BenJarvus Green-Ellis — the steady but unspectacular former undrafted free agent who became New England’s first 1,000-yard rusher since 2004 — will lead a suddenly young unit that includes versatile cult hero Danny Woodhead and rookies Shane Vereen and Stevan Ridley.
No one was more pleased than Brady when the team re-signed veteran left tackle Matt Light to a new deal. With first-round pick Nate Solder, the left tackle of the future, unsigned at the beginning of training camp, the Patriots got a deal done with Light in an effort to protect their most valuable commodity — their quarterback. Dan Connolly will likely begin the year at right guard after Stephen Neal’s retirement. Connolly has been a solid player the last two years, seeing time at all three interior spots as well as at fullback.

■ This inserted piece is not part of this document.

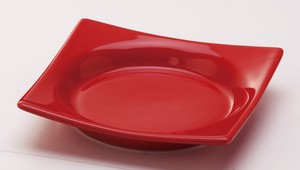 小餐盘 红色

The Patriots will benefit from the return of key players on this side of the ball, as corner Leigh Bodden and lineman Mike Wright have recovered from significant injuries.

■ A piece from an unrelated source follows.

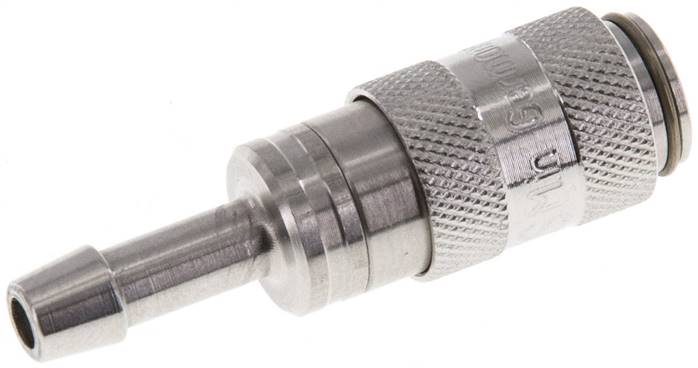 Schnellkupplung (NW2,7) 4mm Schlauch, 1.4404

That duo can help bolster a statistically confounding unit: Last year New England was dead last in the league in third down defense (47.1 percent) and allowed opposing quarterbacks to complete more than 63 percent of their passes. On the other hand, the Pats set a league record for giveaway-takeaway ratio at plus-28 (38 takeaways against 10 giveaways) and allowed fewer than 10 points per game over the final five weeks of the regular season.
One of the teams weaknesses — lack of a consistent pass-rush — was addressed with the acquisition of Albert Haynesworth in a trade with Washington. Haynesworth shined in Tennessee but bombed in his two seasons with the Redskins. This could be the steal of the offseason if Belichick can get Haynesworth back on track.
Even with Haynesworth, the Pats need their linebackers to do a better job of getting to the quarterback. Tully Banta-Cain had 10 sacks in ’09 but was hobbled by a groin injury for much of last year and was released in July. Second-year pro Jermaine Cunningham used his time during the lockout to watch a trove of film aimed at improving his play and understanding of the Pats’ defense. End Eric Moore, signed after the UFL season ended, could help as well.
Now an unquestioned leader, Jerod Mayo will once again anchor the defense from his inside linebacker spot, though it will be interesting to see how Brandon Spikes and Gary Guyton are used alongside him. Spikes, suspended for the last four games of the season after violating the league’s substance abuse policy, is better against the run, while Guyton is stronger against the pass.
The secondary has depth, which should serve it well with pass-happy clubs like San Diego, Philadelphia, Dallas and Indianapolis on this year’s schedule. Devin McCourty was impressive as a rookie and should only be better in his second season. The return of Bodden could mean that Kyle Arrington, who saw his snap count rise dramatically last year, will slide to the Star position in the slot, and Darius Butler remains as well. The wild card is draft pick Ras-I Dowling, a tall, physical corner who was considered a first-round talent before injuries affected his final season at Virginia.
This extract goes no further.